Tuesday, May 26, 2009
Ulaan Khol: I and II
Much of contemporary music is an encyclopedia of sorts, a text comprising definitions on myriad entries with a consistent voice, at least stylistically if not sometimes ideologically. Encyclopedias tend to take their sources and distill them into easily digestible bits, often with just enough garnish (maps, photographs, charts) to give it the shadow of flavor. Experimental music, however, is a very different kind of encyclopedia. Sometimes its interpretation of the entry is even more like hagiography than an objective presentation, but it has the freedom to bend the definition beyond all recognition until you find yourself having to quickly flip back pages to make sure you remember where you started. This is what makes the listening often so exhilarating.
Ulaan Khol is like A First Encyclopedia of Tlön. Vol. XI. Hlaer to Jangr, the mysterious text in Borges' story Tlön, Uqbar, Orbis Tertius, which purports to describe a world that can't exist, except that since there is a encyclopedia about it, it must exist. This tension is what drives the vaguely unsettling, but wonderfully strange, theme of the story. It is also the tension that pulses below the surface of two very beautiful and challenging first releases in a planned trilogy by Steven R. Smith.

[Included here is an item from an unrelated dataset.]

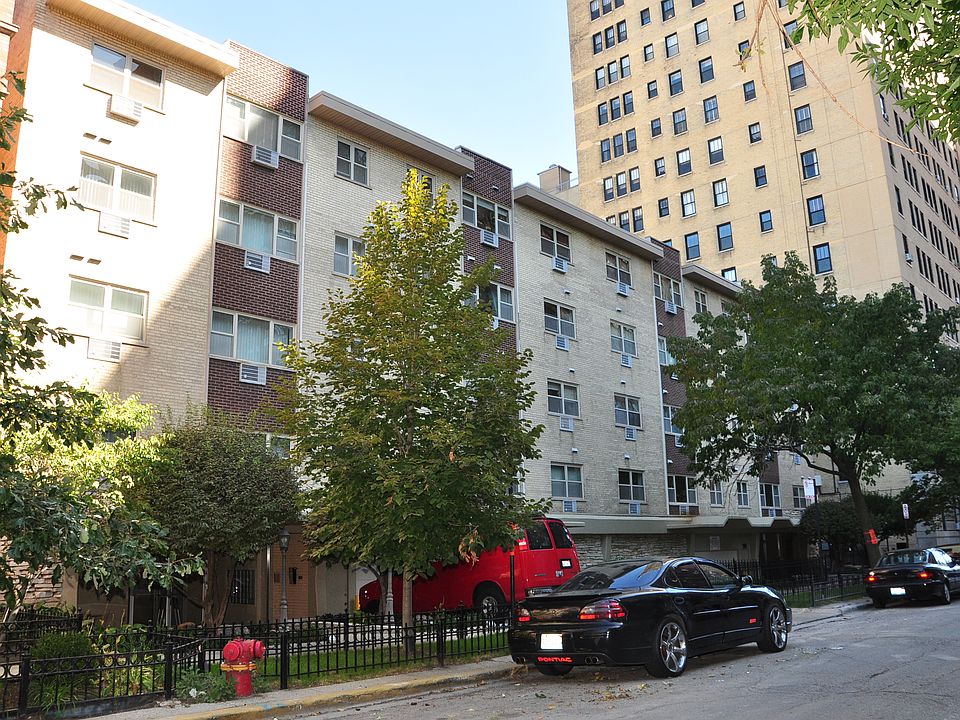1st image of 420 W Aldine Ave APT 329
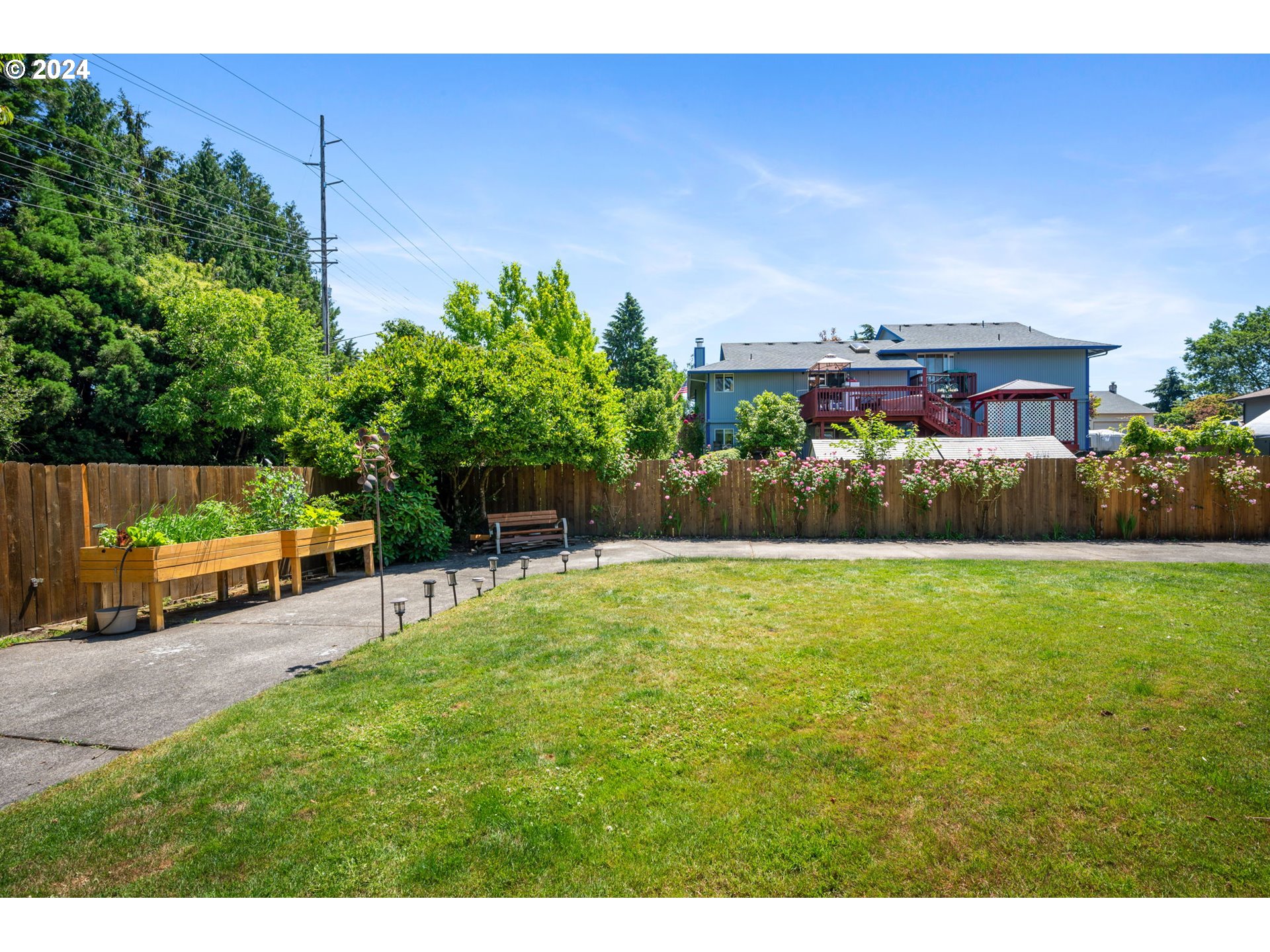 3608 Northwest McCann Road Vancouver, WA 98685 - Photo 39 of 47 a view of a backyard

To annotate a world, you have to first create one, but some would say you can't create in a vacuum. You need raw material, maybe even a precedent of some sort. Smith is certainly working in a tradition, but there is nothing derivative. Like Tlön, some things are familiar, but they are placed in a context that makes them appear like phantoms. Smith's Ulaan Khol is haunted by something, by some possible creation that moves in and out of the periphery. This is not creation ex nihilo. It's more like the construction of a dream, where what is recognizable is made new and a little bent, a little frayed around the edges. Like static. Or feedback.
Smith has some serious pedigree, having associations with a number of underground outfits including Thuja and Hala Strana. Ulaan Khol is of a heavier sort than his previous incarnations, layers and washes of guitar and percussion. It's not burdened by noise, but rather uses noise as a palette. Because it's underground music of a particular variety there is a tendency to want to attach some esoteric meaning. I wouldn't call it magic, because there is no sense Smith is trying to conjure something, and it's not quite mysticism because there is something too active and participatory. And yet it can't be ritual because there is something a little lonely here. I would prefer to simply call it art.